Back in 2008, Pieter was among the rising talents in the Under-19 side that had the likes of Wayne Parnell, Rilee Rossouw, JJ Smuts and Reeza Hendricks among future internationals. In a tri-nation one-day series before the Under-19 World Cup, Malan had hit 71 and 57 against India. Things went a bit pear-shaped thereafter, and Malan's expected rise never materialised. He was in a self-admittedly "dark place", but didn't give up on cricket. And though a national call-up is still distant, Malan has racked up 128 first-class games, to go with 84 List A appearances and 33 T20s.
Two consecutive seasons with more than 1,000 first-class runs have given Malan a spot in the South Africa A side that is touring India, and he began with 51 against the Board President's XI on Monday, sharing in an opening stand of 161 in Bangalore.
"After that World Cup, things came little bit easy for me. I sorted of expected it to just continue that way," Malan says. "But cricket tends to teach you some hard lessons if you take it too easy. I had to learn those lessons, work through it and become a better player than if that hadn't happened.
"It's taken hard work but I feel it's been worth it to get on this tour. Batting will never be a job for me, I love batting. It was dark times because you see that the guys you have played with go through the levels and you don't go through at the same pace, but then everyone is on their own journey. I think once you realise that and try to focus on how good you can become - and not on somebody that you maybe played Under-19 with is now playing for South Africa - once you figure that out, you just put your head down and work and hope that the right things will happen."
Amongst those 'right things' could be the fact that the three Malan brothers will finally all play for the same side.

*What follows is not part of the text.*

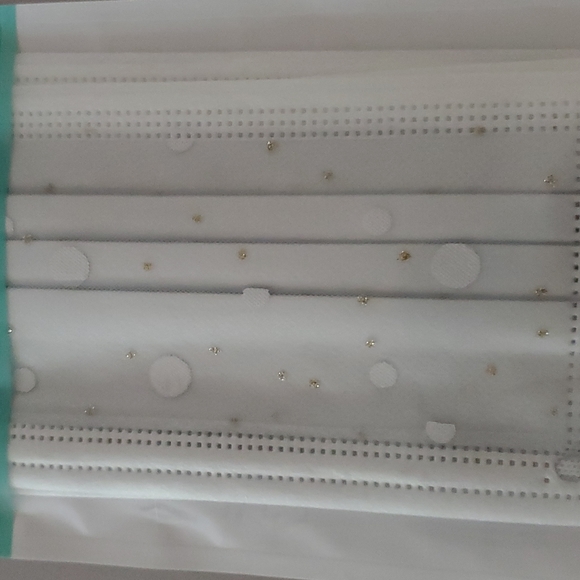 New 30-Pack Disposable 4-Layer Face Masks | Protection & Comfort - Picture 2 of 2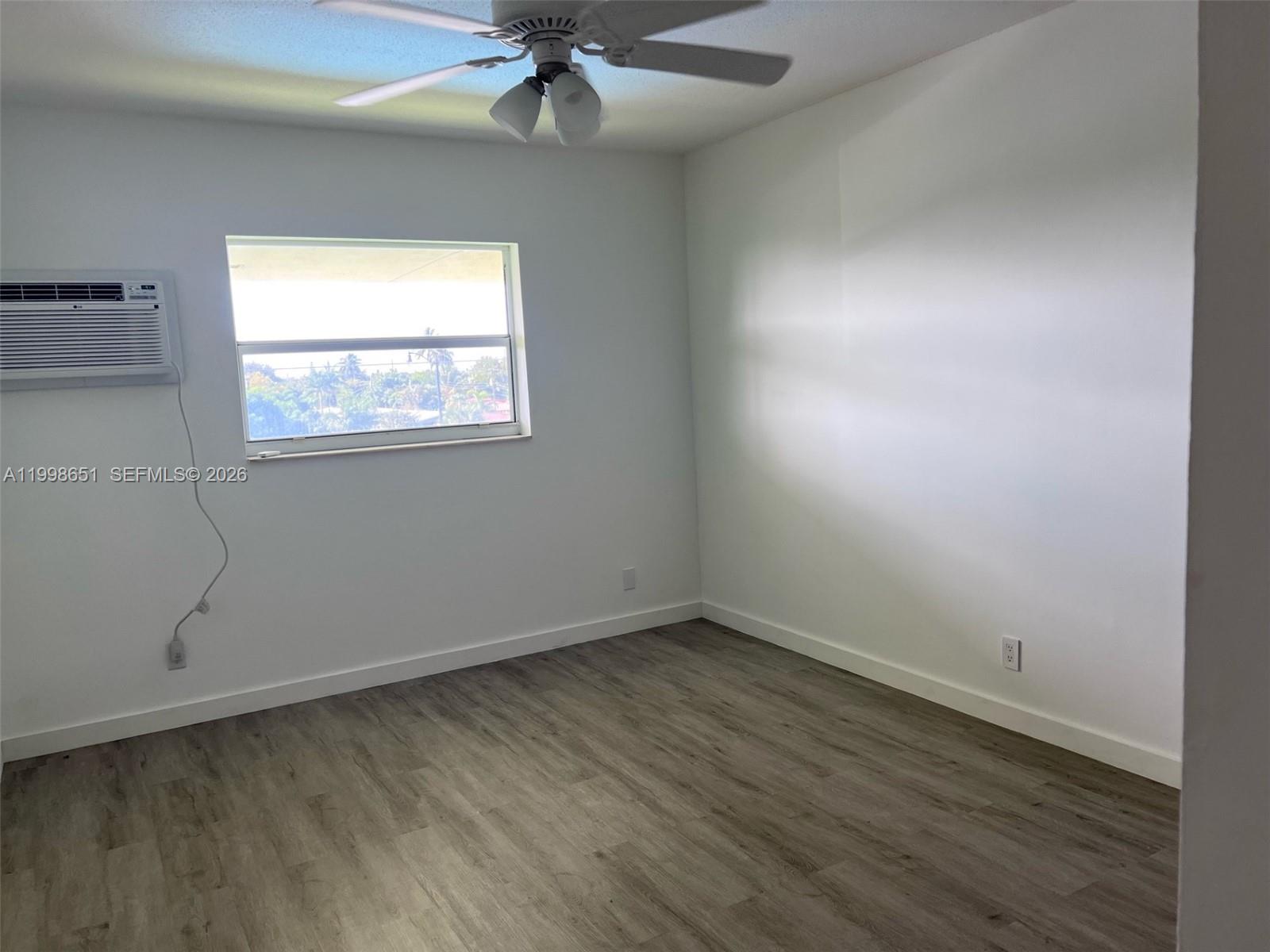 1350 East Sample Road, Unit 306 Pompano Beach, FL 33064 - Photo 13 of 15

So far, Pieter has played only against Andre and Janneman. "They never got the opportunities in Pretoria, so they went to study in Potchefstroom," explains the oldest brother. "That's when they started playing for NorthWest. But now I've managed to get both of them to Cape Town. Hopefully from this season, we'll all play together. It's tough playing against them. You want them to do well, but you don't want them to beat you. You're not happy that they're out, but you're also not happy that they're beating you.
"I'd say the youngest (Janneman) is the most talented. He just seems to score runs easily. Andre has the talent, but hasn't got the opportunities that myself and the youngest have. But I've been told I'm the worst batsman in the family. My dad never played cricket. He left all the talent for us."
But while Pieter may well be the 'worst' batsman in the family, he can always have the bowling honours over his brothers because of his illustrious scalp a decade back. He hasn't bowled much, or met Kohli since, but if he does, he knows what he'll say. "If I had a chance I will definitely remind him of the dismissal," he smiles. "But he won't probably remember."